Sunday, April 13, 1997
Feds to give green light to red-light district studyMayor Owen furious, but study supporters say civic leadership inadequate on prostitution issue
"No, no, no," snapped Mayor Philip Owen upon learning the federal government is funding a study to consider the creation of a red-light district in the Vancouver East riding.
MP Anna Terrana announced the Downtown Eastside Youth Activities Society (DEYAS) will get $15,000 to examine street-level prostitution in the riding.
Under scrutiny are the repeal of the federal Bawdy House Act prohibiting brothels, the acceptability of red-light districts, where they should be located and who should make that decision, said a statement from Terrana's office.
"I can hardly believe it," said Owen. "We close Riverview and put people on the street who need shelter, We have to deal with that.
"We have a needle exchange. We have the province expanding gambling. We have the police sending out letters to 70 johns -- 50 per cent who live outside Vancouver. And now we have the federal government talking about this. No. Not interested. This is bizarre.
"We'd be sending out a signal to the pimps and criminals of North America that Vancouver is open for business. This is a non-starter. It shouldn't even be considered."
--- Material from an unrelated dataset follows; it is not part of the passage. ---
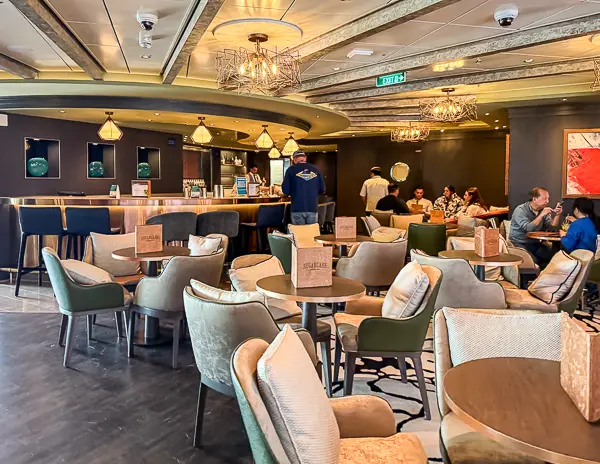 Cruise ship lounge with seating and bar area where passengers relax onboard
But DEYAS executive director John Turvey, who runs the needle exchange, said "inadequate leadership" by the mayor and other politicians is on the study's agenda.
"What we do now is move (prostitution) all over the place -- from pillar to post and pillar to post," said Turvey of activity that has been driven out of the West End, portions of Mount Pleasant, and is now most intense along the Hastings Street corridor, particularly northeast of Commercial Drive. "The city's already a pimp."
Turvey described the eight-month study as "a low-key piece of information-gathering" that will ask East Siders what they can and can't abide about prostitution.
"The community is impacted and women are getting murdered. We're asking, is there a solution out there? We're saying this dynamic is happening now, so why aren't we talking in open terms rather than denying reality?"
Turvey conceded that opinion may be polarized. "Some merchants say hang these people, others say let's legalize the sex trade or at least decriminalize it."
But Owen warned against attempting to pin to a single community what he said is a transient activity that attracts participants and customers from outside Vancouver. "I'd take real exception to any proposal to build bawdy houses in East Vancouver," he said, jokingly adding that they try it out at the site of the Italian Cultural Centre, a power-base for Liberal Terrana, who will seek re-election.
The federal study is funded by Human Resources Development Canada.
Other groups involved are Prostitution Alternatives Counselling and Education (PACE), Downtown Eastside Neighbourhood Safety Office, and the WISH program.